Le président a malheureusement, par sa déclaration, écarté tous ces principes de la vie politique égyptienne. Il n’a même pas pris en considération la nature fautive des Hommes. En ce qui concerne la réouverture des procès et des enquêtes, cela ne peut être fait qu’en cas d’apport de nouvelles preuves. Sinon, aucun juge n’aura le droit de rouvrir ces dossiers.

— Donc, êtes-vous contre la déclaration du président ?

— Il ne faut pas que l’on s’en prenne tous au président, et je suis contre toute tentative d’humiliation envers lui. Il faut plutôt plaindre ceux qui ont travaillé sur cette déclaration bourrée d’erreurs. Je crois que Morsi peut toujours calmer la situation non pas seulement en annulant cette déclaration, mais aussi en jugeant ceux qui l’ont impliqué dans cette crise. Si j’étais à sa place, je le ferais. S’il sort aujourd’hui devant son peuple et annonce qu’il annule les articles qui ont causé ces dégâts, notamment la protection de ses décisions et l’impossibilité de dissoudre le Conseil consultatif et l’assemblée constituante, tout le monde respectera sa décision. Et il mettra ainsi fin à cette impasse.
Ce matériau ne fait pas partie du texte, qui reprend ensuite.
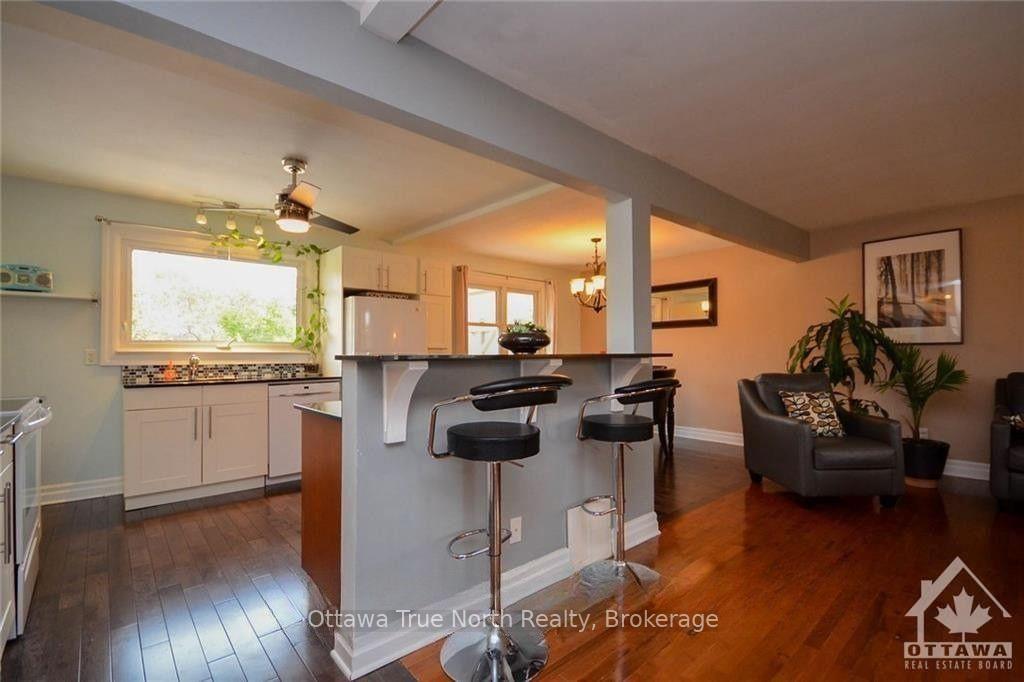 Photo 4 of 99 Palsen Street, Ottawa, Meadowlands/Crestview — HOMEH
— Comment percevez-vous la position des juges qui ont décidé de suspendre leur travail jusqu’à l’annulation de la déclaration ?

— La déclaration constitutionnelle est une atteinte à l’indépendance de la justice. Je les comprends très bien. Pour eux, c’est comme si on les avaitfrappés dans le dos.Le président vient leur dire de ne pas travailler, puisque leur travail ne vaut rien. Ils ont raison d’agir ainsi.

— Et en ce qui concerne le procureur général ? Parle-t-on aujourd’hui du nouveau Parquet comme étant celui de la révolution ?

— Il ne faut pas croire que je défends Abdel-Méguid Mahmoud. Au contraire, c’est peut-être l’un des points de cette déclaration sur lesquels toutes les forces politiques ne sont pas divisées. Eloigner Abdel-Méguid Mahmoud était l’une des revendications de la rue depuis la chute du régime. Mais la manière avec laquelle il a été écarté n’est pas constitutionnelle. Je ne défends pas la personne, mais le principe.

— Certaines forces politiques ont décidé de former un front de salut national ...

— Il faut calmer la situation actuelle et non l’envenimer. Refuser de rencontrer le président avant l’annulation de la déclaration constitutionnelle aggrave les choses. Je le redis : il faut respecter le président de la République et lui donner une chance de réétudier ses décisions. On a l’impression qu’il a mal évalué les choses dès le départ.

— A quel verdict vous attendez-vous dans les procès intentés devant le Conseil d’Etat ? Cette déclaration peut-elle être annulée ?

— Je ne peux pas vous répondre, car cela serait considéré comme une intervention dans le travail des juges qui vont se charger de l’affaire. Ils vont tenir leurs investigations loin de toute pression et jugeront cette déclaration valide ou pas. Dans ce dernier cas, elle sera automatiquement annulée.

— Si la déclaration n’est pas annulée, qu’est-ce qui garantit que le président ne l’utilisera pas pour ses propres intérêts ?

— Il faut être franc, rien ne peut le garantir. Le pouvoir absolu ne fera que ramener une corruption généralisée sous toutes ses formes. Je ne veux pas dire que le président est un corrupteur, mais se mettre entre les mains tous les pouvoirs exécutif, législatif et juridique ne mènera qu’à l’établissement d’une nouvelle autorité corrompue.